Enno Ludwig hat dann die zehn entscheidenden Jugendjahre im Ausland verbracht, zuerst in den Niederlanden, dann in Saumur an der Loire in Frankreich, endlich in Genf. Reisen machte er bis nach Rom und Wien, wo er zum Reichshofrat ernannt wurde. Diese lange Ausbildung hat Ostfriesland viel Geld gekostet und nicht gefruchtet; denn Enno Ludwig erwies sich als unerwartet träge und engstirnig. Kein junger Cirksena hat derartige Möglichkeiten gehabt, sich zu bilden und seinen Horizont zu erweitern, und keiner hat sich dieser Erziehung so unwürdig erwiesen.

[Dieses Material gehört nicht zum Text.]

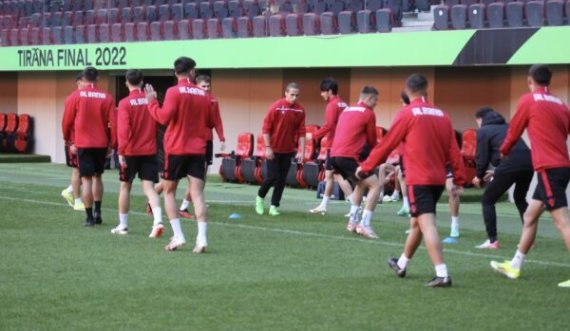 Sfidat me Finlandën dhe Zvicrën / Shqipëria U-21 përgatitet në stadiumin “Air Albania”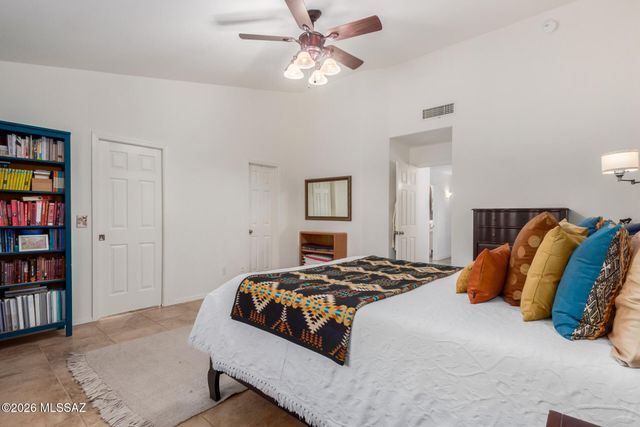 9544 N Crestone Drive, Tucson, AZ 85742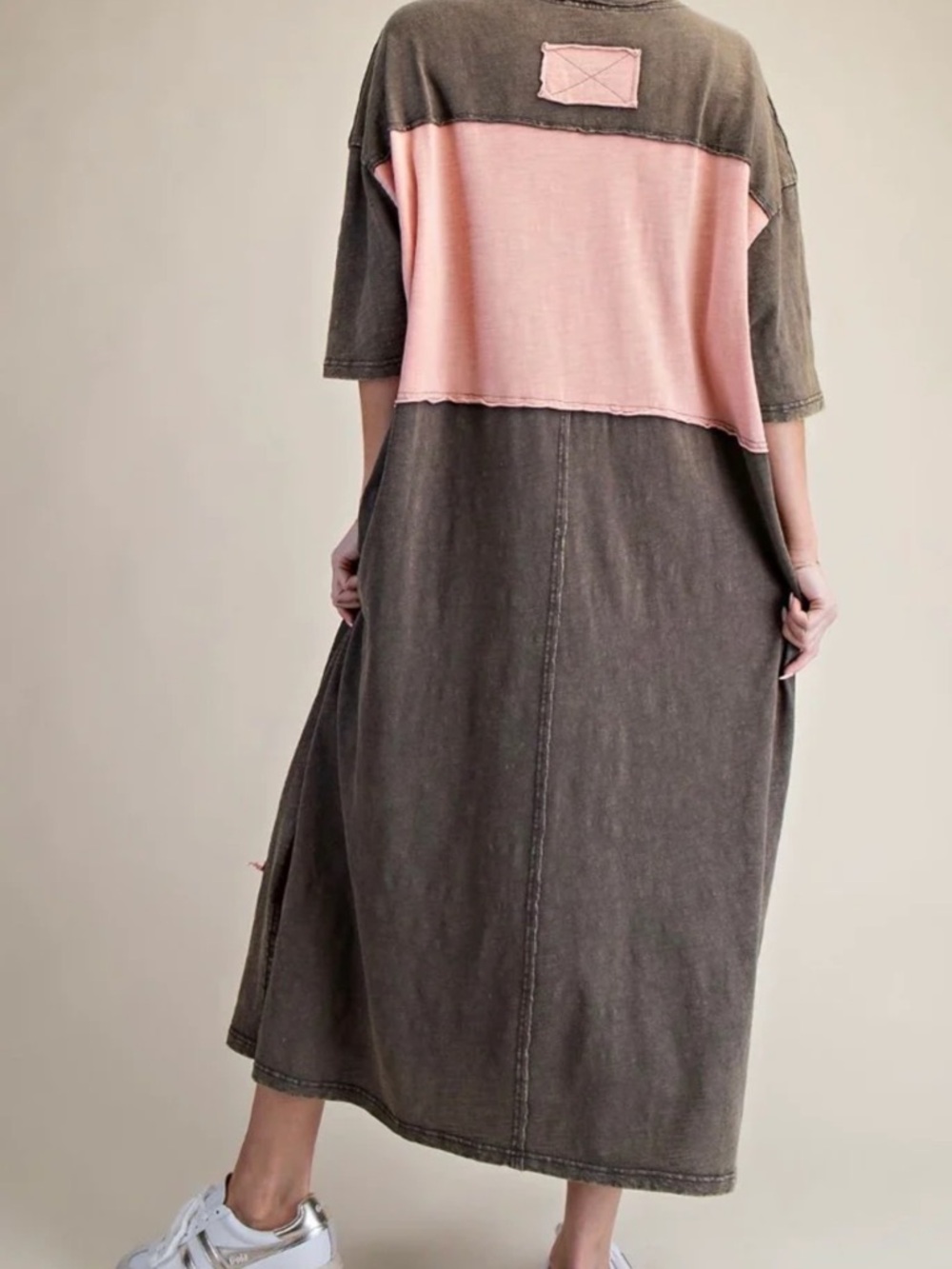 Easel Relaxed V-Neck Midi Dress with Pink Star Appliqués - Washed Charcoal - Picture 4 of 6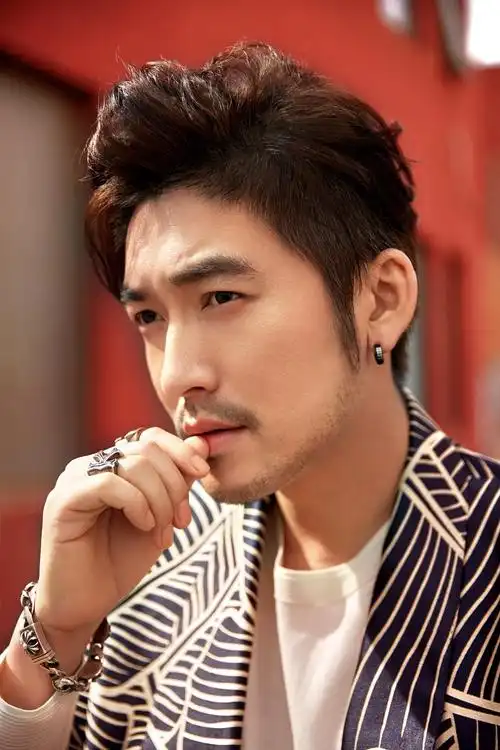 张博玩转街拍大片 引爆荷尔蒙本能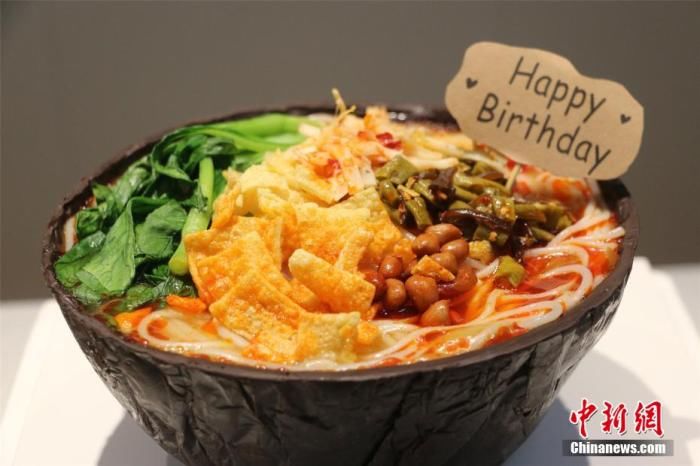 朱柳融|只有几十年历史的螺蛳粉，是如何成为国家级非遗的？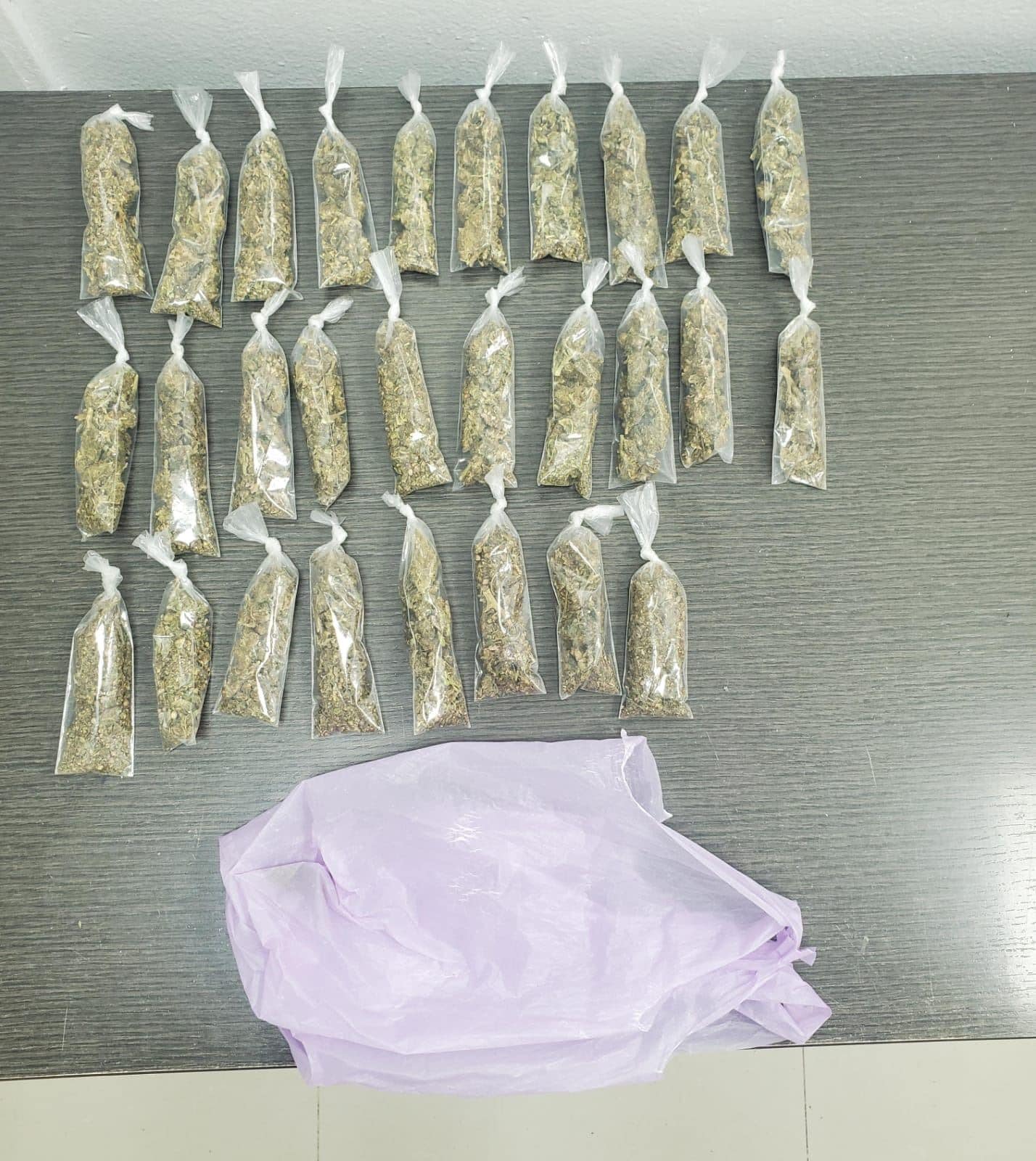 Elementos de la Policías de la Secretaría de Seguridad Ciudadana de Escobedo detuvieron a un joven luego de que le encontraron una bolsa con dosis de marihuana que ocultaba bajo su playera.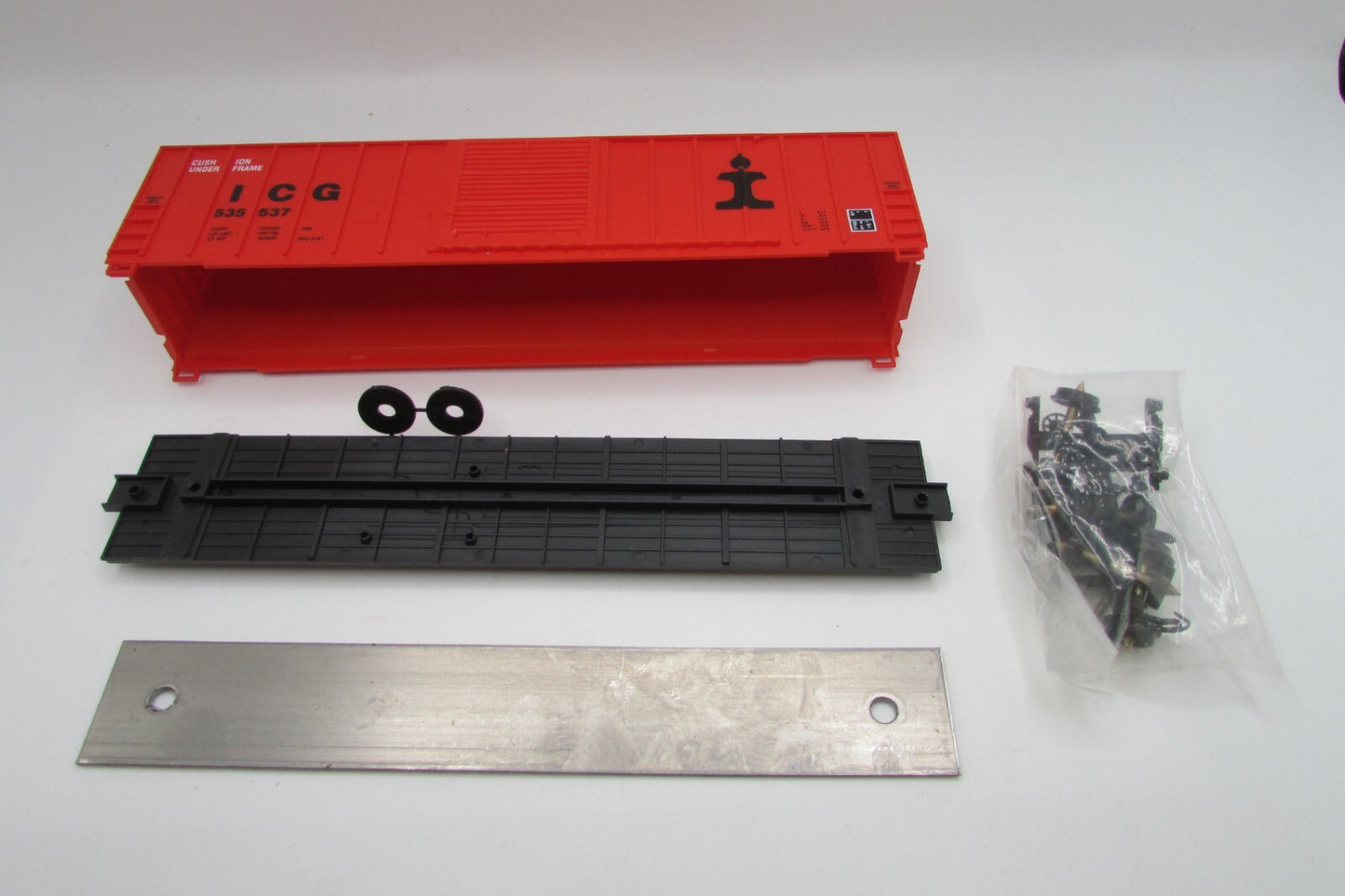HO Scale RoundHouse 19506 50' FMC Single Door Box Car Kit ICG RH4789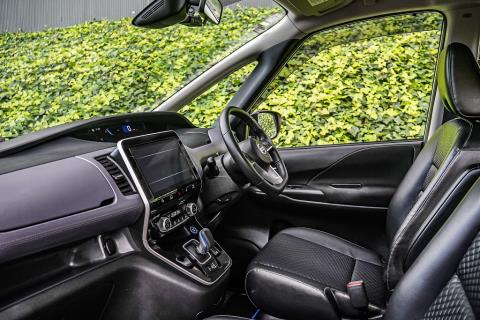 2020 Nissan Serena e-Power Hybrid - Thumbnail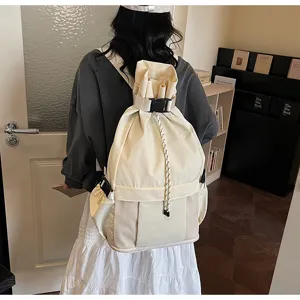 Lässiger cremefarbener Kordelzug-Rucksack mit Schnallenverschluss und seitlichen Netztaschen.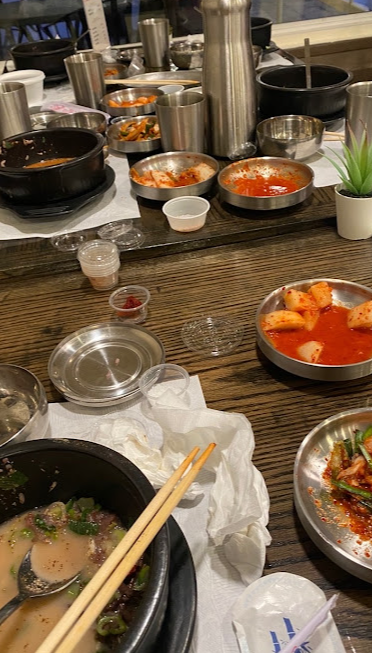 Moobongri Soondae (무봉리 순대국 라크라센타) | restaurant | 3630 Foothill Blvd, Glendale, CA 91214, USA | 7472557299 OR +1 747-255-7299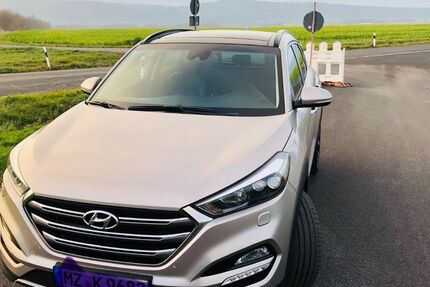 Hyundai TUCSON 89.000 km 15.900 &euro; Nackenheim 55299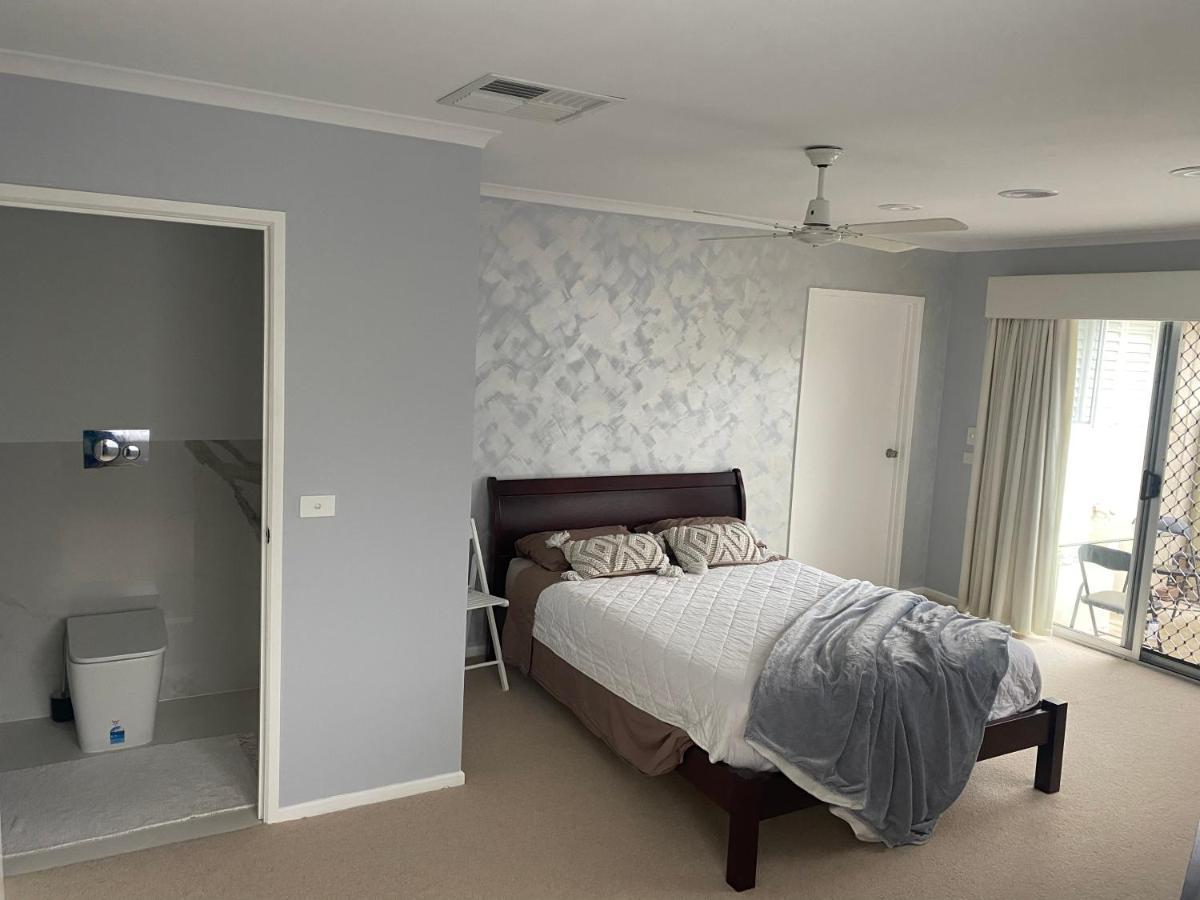 Guest Ensuite 7 Minutes From Airport Мелбърн Екстериор снимка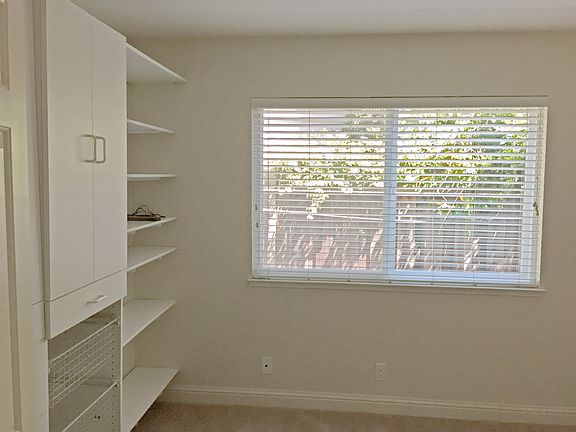 5th image of 10836 Linda Vista Dr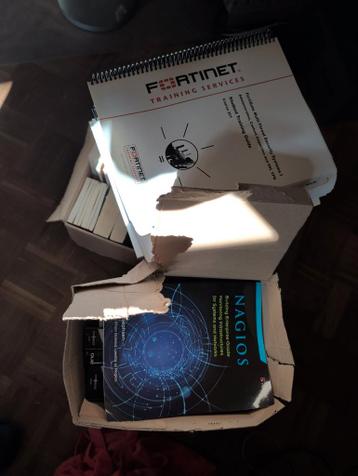 Oude computerboeken over security en webdesign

Feinde seiner Mutter, der Gräfin Juliane, sorgten dafür, daß der junge Graf nach seiner Rückkehr 1651 das Blutgericht über deren Geliebten Johann von Marenholz vollziehen ließ, das ihm wegen der österreichischen Herkunft von dessen Ehefrau viel Verdruß am Kaiserhof in Wien einbrachte. Wenn Enno Ludwig sich damit Sympathien im Lande erworben hatte, so vergingen diese schnell angesichts seiner Unfähigkeit, die Probleme Ostfrieslands, nämlich den Wiederaufbau nach dem Kriege und eine Regelung des Schuldenwesens, zu lösen. Seine Verlobung mit der Oranierin war 1649 aufgelöst worden, was ihm ziemlich gleichgültig war.
Wer ihm eingeredet hat, sich um die Würde eines Fürsten des Heiligen Römischen Reiches Deutscher Nation zu bemühen, ist unbekannt. Der große Gelehrte und Ostfriese an der Universität Helmstedt Hermann Conring wies ihm den Weg dahin. Er wußte, daß dem Kaiser daran lag, verdiente Heerführer des Dreißigjährigen Krieges mit der Reichsfürstenwürde zu belohnen. Das waren durchweg Katholiken; um der konfessionellen Parität willen sah es gut aus, wenn auch Evangelische beteiligt wurden. Außerdem war es Conring bekannt, daß der Kurfürst von Mainz auf dem Reichstag in Regensburg, auf dem diese Standeserhöhungen beschlossen werden sollten, sein Amt als Reichskanzler ausüben würde im Gegensatz zu der üblichen Residenz des Kaisers, wo der Reichsvizekanzler amtierte. Conring kannte den Mainzer Würdenträger und wußte, daß ihm die fälligen Kanzleigebühren – 10000 Gulden – willkommen sein würden.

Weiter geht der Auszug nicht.